Las palabras de David Martín López, secretario de sede de la PAU en Melilla y profesor universitario, dejan entrever algo más que un balance logístico. Tras una breve entrevista concedida a esta casa, habla de una comprensión profunda del momento que viven los estudiantes, de la función de la educación en una sociedad diversa, y del valor simbólico de estas pruebas que marcan el cierre de una etapa y el comienzo de otra.
En medio del ruido habitual de los pasillos, entre nervios, olvidos y calculadoras sin batería, lo que se percibe es humanidad. Esfuerzo. Juventud que busca abrirse paso. La PAU no es solo un examen; es una prueba de resistencia emocional, de madurez en construcción, de sueños que aún no tienen forma definitiva.
David señala un detalle que pasa desapercibido pero que encierra una gran verdad: en un mismo aula coinciden materias dispares, perfiles distintos, intereses que aparentemente no se tocan. Y, sin embargo, conviven.

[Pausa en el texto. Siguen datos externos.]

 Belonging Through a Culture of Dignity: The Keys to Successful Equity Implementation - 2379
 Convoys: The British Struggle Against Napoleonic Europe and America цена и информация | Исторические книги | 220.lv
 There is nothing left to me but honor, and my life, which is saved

Esa coexistencia de saberes y personas refleja algo esencial: el conocimiento no es un compartimento estanco, sino una red en la que todo se conecta.

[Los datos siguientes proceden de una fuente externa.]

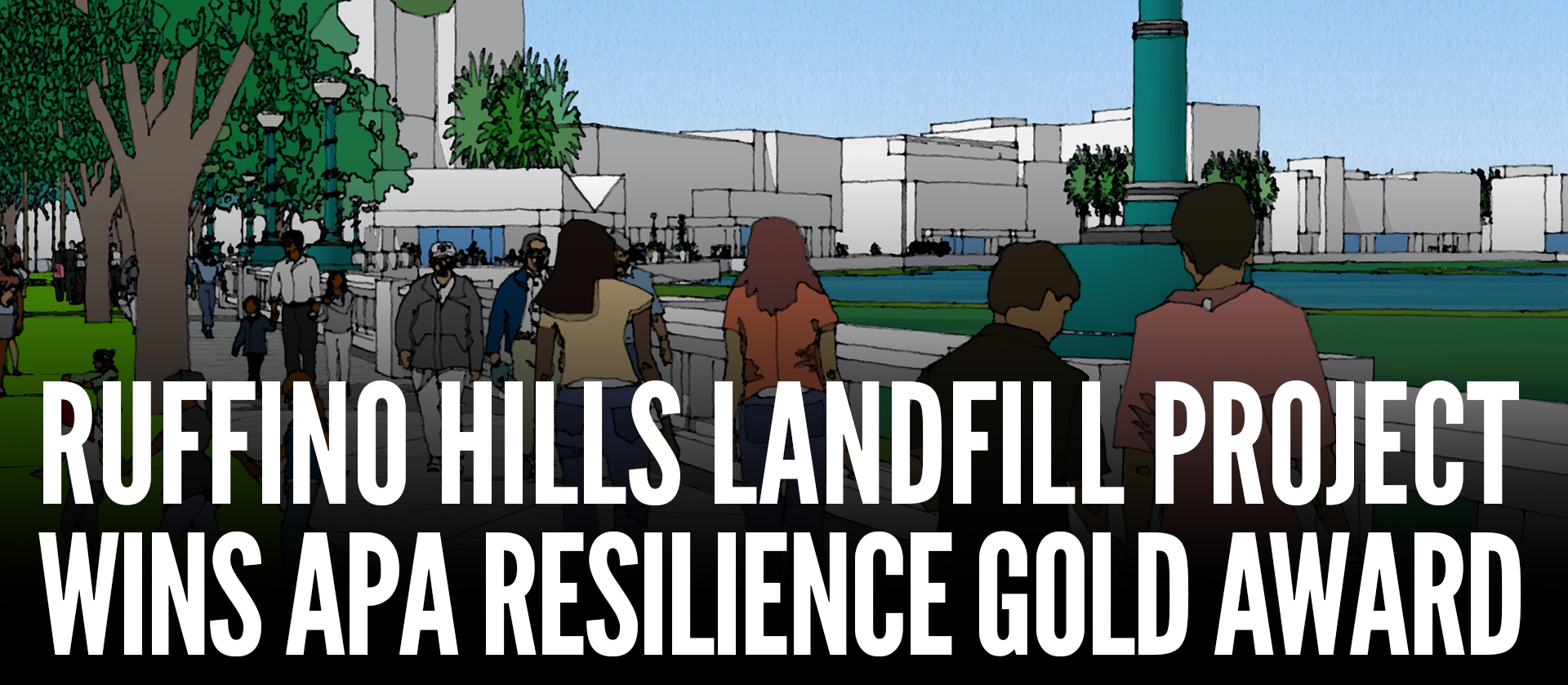 Ruffino Hills Landfill Project Wins APA Resilience Gold Award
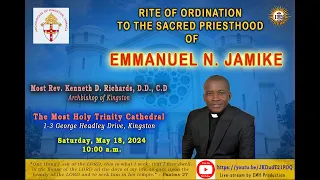 EMMANUEL JAMIKE  |  RITE OF ORDINATION  to the SACRED PRIESTHOOD  |  May 18, 2024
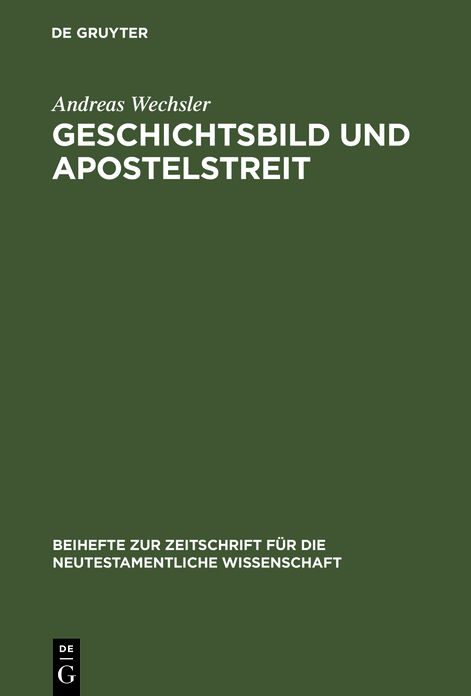 Geschichtsbild und Apostelstreit: Eine Forschungsgeschichtliche und exegetische Studie uber den Antichenischen Zwischenfall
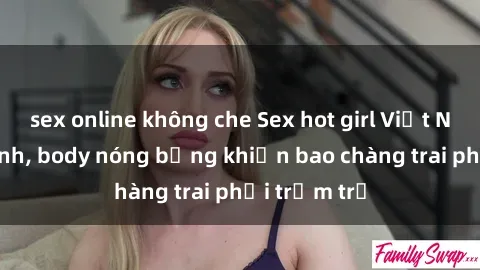 sex online không che Sex hot girl Việt Nam: Mặt xinh, body nóng bỏng khiến bao chàng trai phải trầm trồ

En una sociedad que cambia, también cambia la relación con los caminos educativos. La caída en el número de matriculados en la PAU no es una derrota, sino una señal de transformación. La Formación Profesional, tradicionalmente marginada, comienza a ocupar el lugar que merece, no como alternativa menor, sino como opción válida y digna. David lo dice con claridad: los dos caminos no se excluyen, se complementan.

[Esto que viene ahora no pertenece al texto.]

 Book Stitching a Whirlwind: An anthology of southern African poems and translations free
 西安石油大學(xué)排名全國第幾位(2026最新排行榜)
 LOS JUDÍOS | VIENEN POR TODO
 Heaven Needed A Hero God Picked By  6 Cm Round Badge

Melilla, con su riqueza cultural y su arquitectura modernista, sirve de marco perfecto para esta escena. Una ciudad en la frontera entre mundos, que también representa esa intersección entre lo que fuimos y lo que seremos. La educación, como bien recuerda David, no solo transmite contenidos, sino que forma ciudadanos capaces de convivir, de pensar, de respetar.
Porque al final, más allá del resultado, lo que realmente queda es lo aprendido en el camino. Y en eso, esta PAU parece haber cumplido su función con creces.